● AIM OF THE TASK
Which of the lines below include the word "Photo"? Pull each one out.

● RECORDS TO USE
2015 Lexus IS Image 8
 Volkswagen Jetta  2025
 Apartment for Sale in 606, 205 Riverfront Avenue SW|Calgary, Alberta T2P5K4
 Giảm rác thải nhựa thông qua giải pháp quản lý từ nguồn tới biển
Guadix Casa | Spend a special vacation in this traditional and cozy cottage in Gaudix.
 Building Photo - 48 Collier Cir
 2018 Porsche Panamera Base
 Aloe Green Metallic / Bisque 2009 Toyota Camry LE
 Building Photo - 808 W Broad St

● ANSWER BOX
 Building Photo - 48 Collier Cir
 Building Photo - 808 W Broad St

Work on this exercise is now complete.